Regular olive oil has a higher overall smoke point, however, EVOO is higher quality and research shows it's the most stable.
Should Consumers Worry About Smoke Point?
No, consumers should not worry about the smoke point of olive oil. This is because home cooks usually don't cook on extreme high heat.
The temperatures of 350 - 470° F refer to the temperature of the oil not the food. So when you're baking eggplant parmesan at 375° F the food is not going to reach the temperature of 375°F, that is simply the temperature of the oven.
The same goes for roasting potatoes, chicken, or salmon at high temperatures of 450°F. I once roasted a porchetta doused in EXAU EVOO at 500°F to create a crust. It turned out incredible, and there was absolutely no smoking.

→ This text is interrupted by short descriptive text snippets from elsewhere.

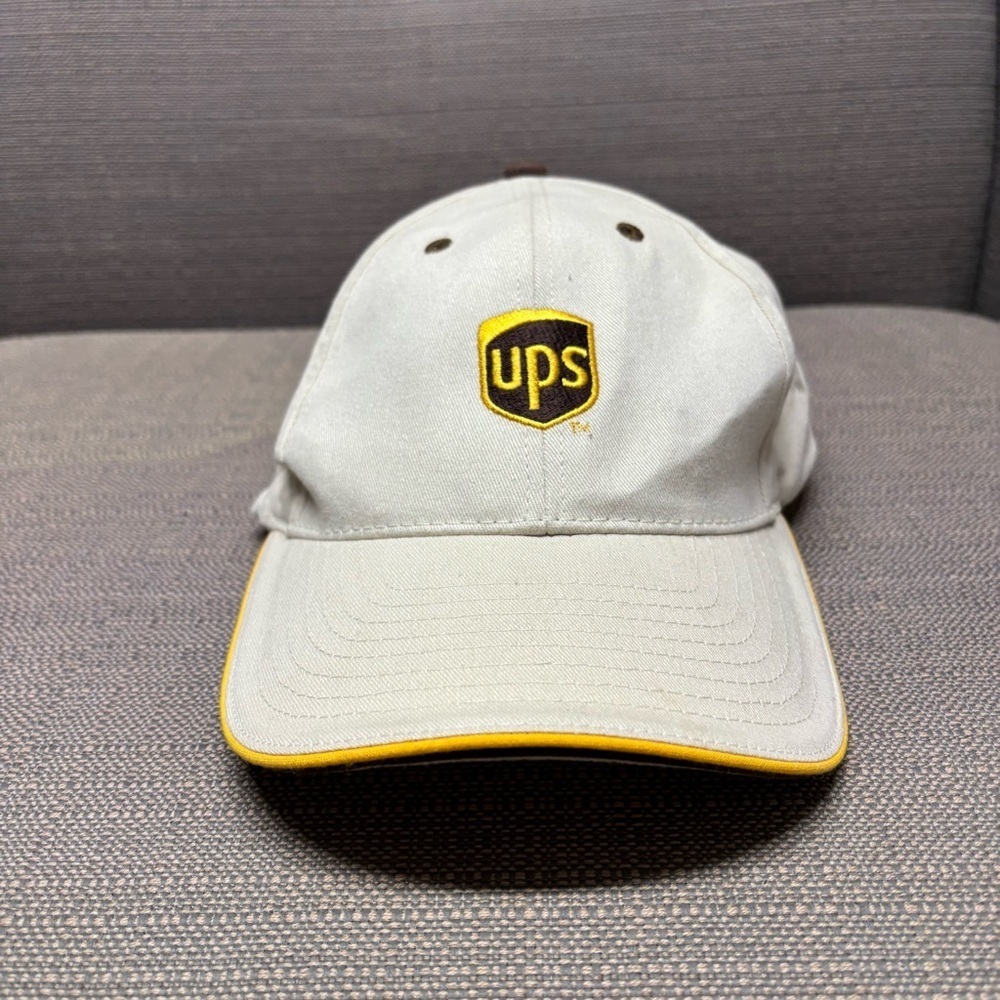 Headmost Beige Cap with Yellow Accent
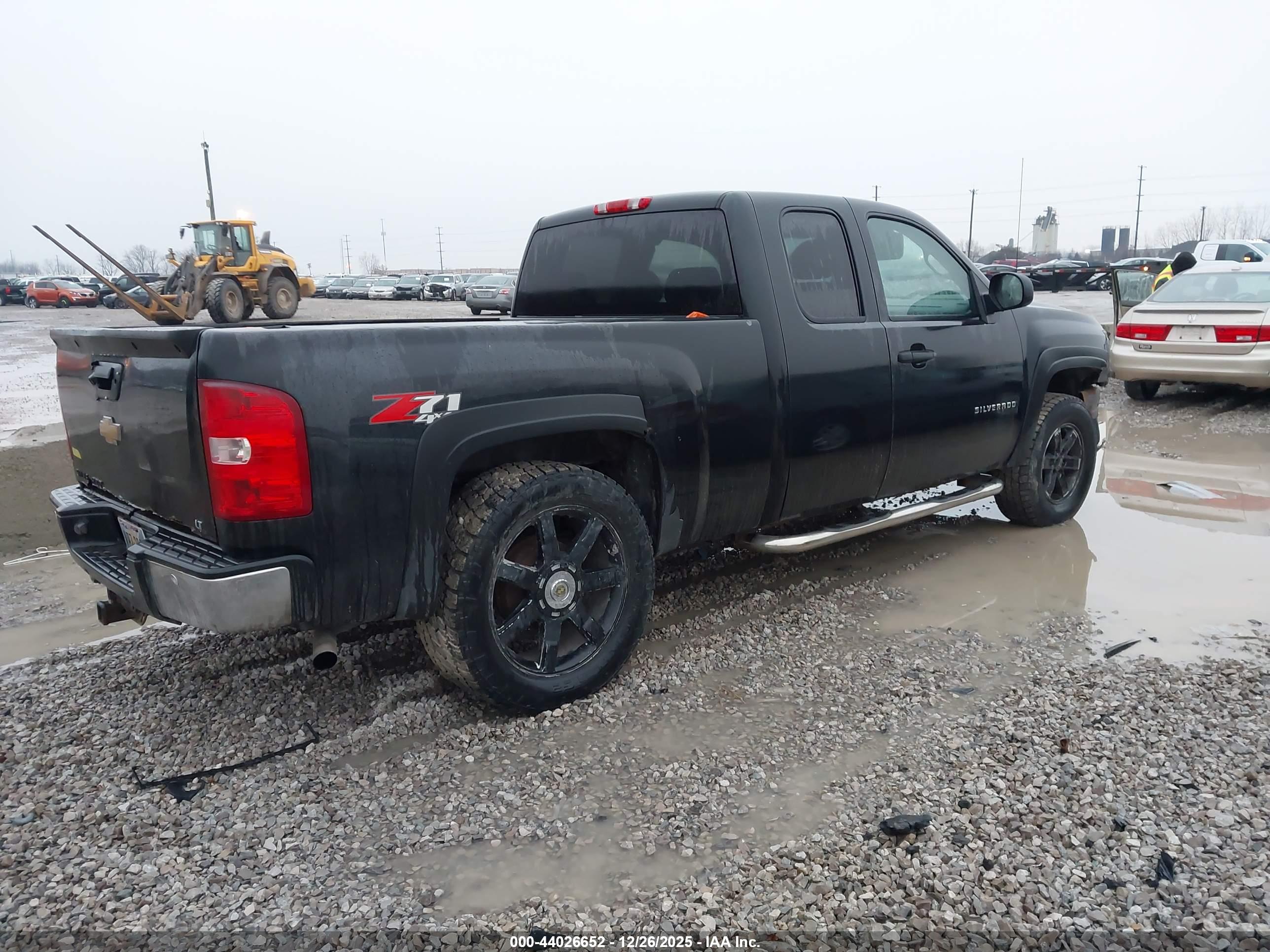 CHEVROLET SILVERADO image 4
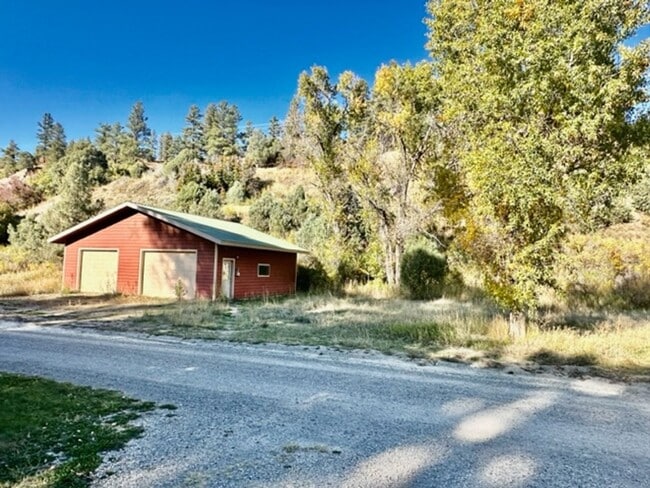 Building Photo - 2 Bed / 2 Bath Home on the River | $2,400/month
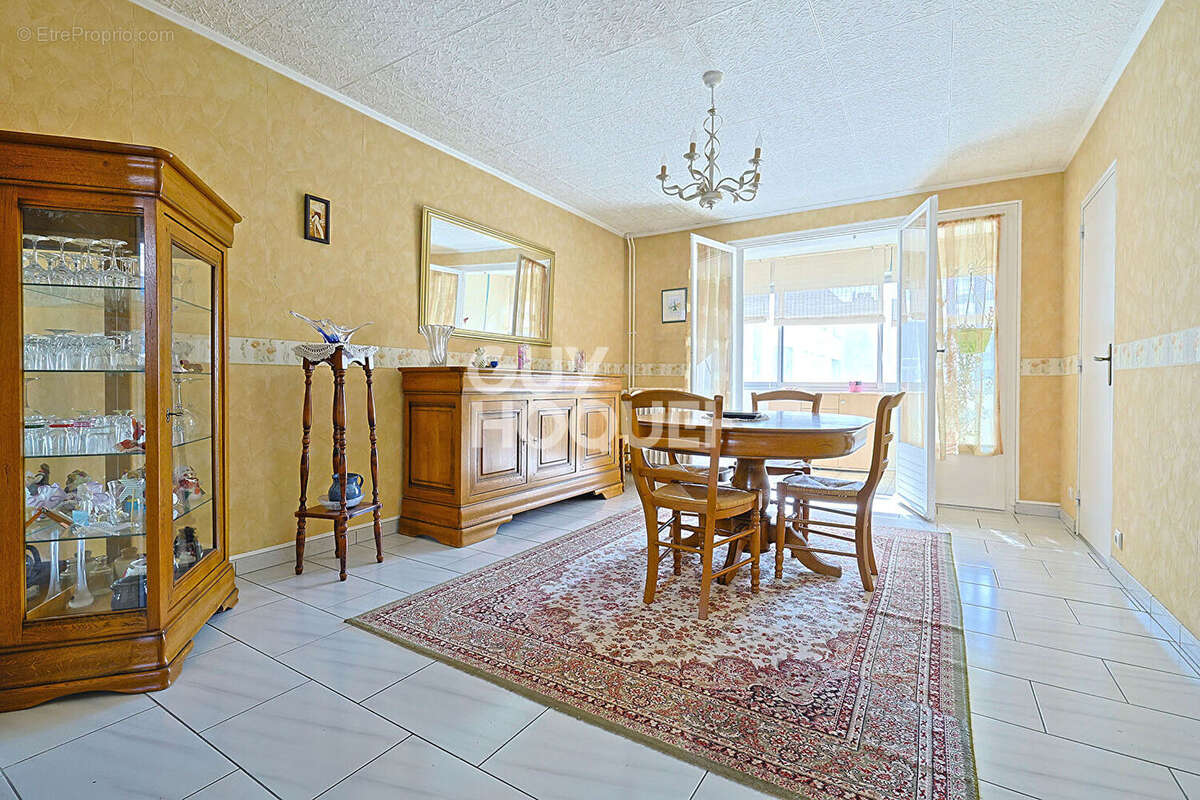 Appartement en centre-ville de Vandoeuvre-lès-Nancy - photo 5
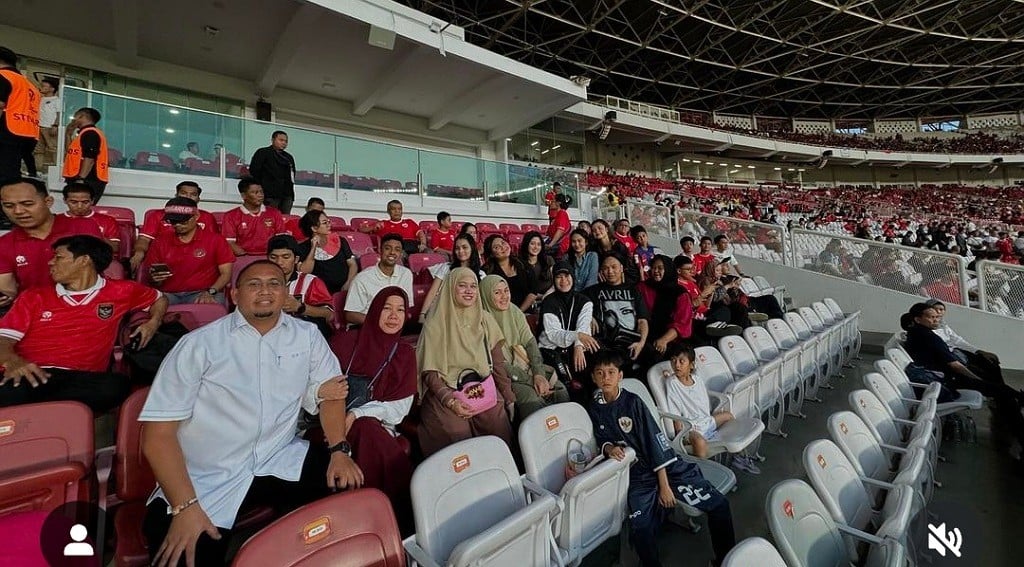 Momen Azizah Salsha Hadir di GBK Dukung Pratama Arhan saat Laga Indonesia vs Australia 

When labs test smoke point they perform a stress test where they heat the product up to certain temperatures in a controlled environment. Home cooks are roasting vegetables, boiling beans, frying potatoes, and making pasta sauces. Don't worry yourself.
What Do I Do if My Olive Oil is Smoking?
If it's giving off a lot of white, blue, or grey smoke toss it. When fat is heated it begins to oxidize. When heated in excess (i.e. it's smoking profusely) it can produce harmful by-products.
Do not leave a on a pot or pan filled with oil unattended on a hot stove and do not heat the pan on high without watching it closely. It's best to heat the product on low and increase the heat slowly.
The ideal cooking setting is medium or medium high. We talk about this in deeper detail in our book.
Can I Fry with Olive Oil?
Yes, you can! We fry with it all the time. If you couldn't half of southern Italy would cease to exist because they fry just about everything in their favorite cooking fat. Here is a step-by-step guide for how to fry with olive oil.
Can I Bake at High Temperatures?
Yes, you can. As mentioned previously, we bake at temperature of up to 500° F regularly. This includes food such as roasted potatoes, salmon, porchetta, and chicken (to create a crust).
What are the Health Benefits of Using EVOO?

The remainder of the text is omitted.